People were positive about the staff team and the good standards of care provided in the home. People felt their privacy and dignity were respected.

Care planning was effective and up to date, making sure people’s needs were met.

The home provided a full programme of activities to keep people meaningfully occupied.

The home had a well-publicised complaints policy and when a complaint was made, they were logged and responded to.

There were systems in place to monitor the quality of service provided to people.

There was good leadership of the home and a positive ethos and culture prevailing in the home.

Inspection carried out on 29 January 2014

During an inspection to make sure that the improvements required had been made

We carried out this inspection on the 29 January 2014, to follow up on compliance actions made at the last inspection of the home in September 2013.

During this unannounced inspection we spoke with the manager, three people living at the home and one relative. There were 17 people living at Dalvey House at the time of our inspection.

People living at Dalvey House were positive about their experience of living at the home. No one had any complaints or concerns about how the home was run and managed.

People were protected against the risks associated with medicines because the provider had appropriate arrangements in place to manage medicines.

The provider had suitable quality assurance procedures in place to manage the health and welfare of people living in the home. People were able to comment on the service provided.

Inspection carried out on 13 September 2013

During an inspection to make sure that the improvements required had been made

We carried out this inspection on the 13 September 2013, to follow up on compliance actions made at the last inspection of the home in April 2013.

We spoke with the manager, three people living at the home, one relative and one visitor. There were 19 people living at Dalvey House at the time of our inspection.

People that we spoke with were positive about the way the home was run and managed. No complaints or concerns were raised with us during our visit.

People were not protected from risks associated with medicines because the provider did not have appropriate arrangements in place to manage medicines.

We found the home did not have a robust quality assurance system in place to ensure standards in the home were maintained.

Inspection carried out on 17 April 2013

During a routine inspection

We carried out this inspection of Dalvey House on the 17 April 2013. We spoke with the manager, six people living at the home, one relative and two members of the staff team.

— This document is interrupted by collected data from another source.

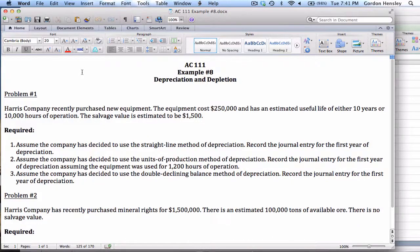This is the video demonstration on depreciation and depletion. In this video I'm going to work the solution to example number eight. This example has two problems. On problem number one we have a company called the Harris Company. They recently purchased new equipment — the equipment cost two hundred and fifty thousand dollars, it has an estimated useful life of either ten years or ten thousand actual hours of operation, and the salvage value is estimated to be fifteen hundred.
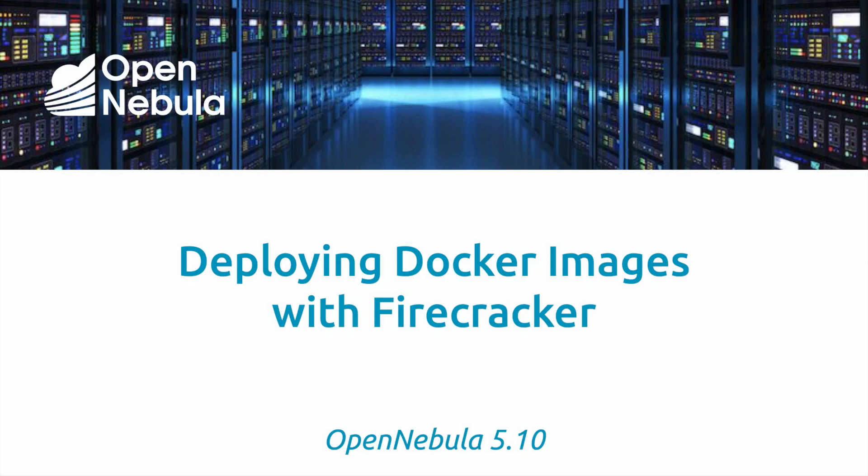Today I'm going to be walking through the steps required to deploy a Docker image as a Firecracker micro VM on an OpenNebula cloud.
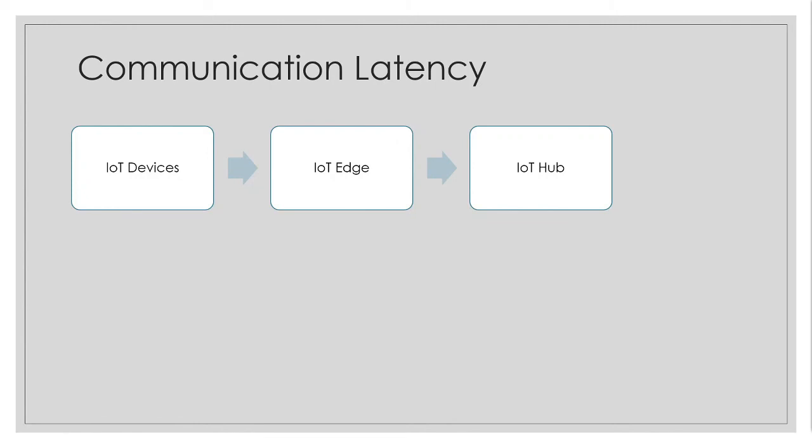Again, communication latency. So let us say your device is collecting data and it is sending real time. And in some scenarios, you are having offline devices or low power devices and it is sending data over one hour or two hours or it might be collecting data and sending it once in every 24 hours or so.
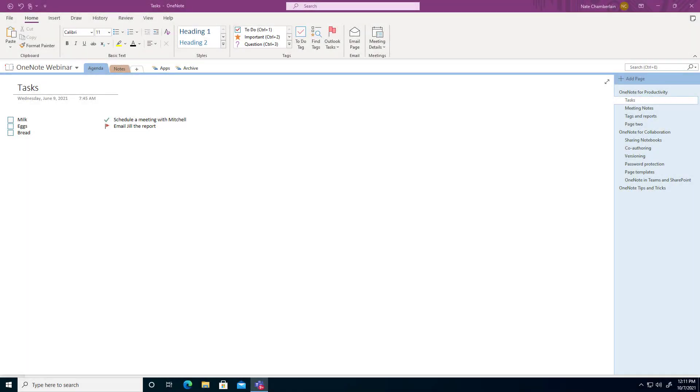You can rearrange your OneNote display so that you have pages, sections, and notebooks available in a panel on the left. Otherwise you may see your pages off to the right, your sections across the top, and your notebooks may not be visible right away.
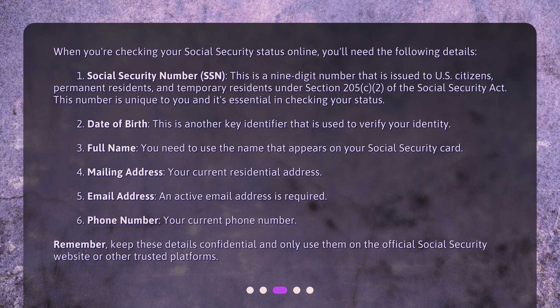4. Mailing Address — your current residential address. 5. Email Address — an active email address is required. 6. Phone Number — your current phone number. Remember, keep these details confidential and only use them on the official social security website or other trusted platforms.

People living at Dalvey House were very positive about their experience of living at the home. No one had any complaints or concerns about how the home was run and managed.

People told us that they had good relationships with the staff, who were described as 'kind'. They told us that the home was kept clean and warm. People said there were activities to keep them occupied.

People who lived at Dalvey House benefited from thorough processes and procedures being followed when new staff were recruited, which meant they were protected from harm.

People were cared for in a clean, hygienic environment.

We found the home did not have a robust quality assurance system in place to ensure standards in the home were maintained.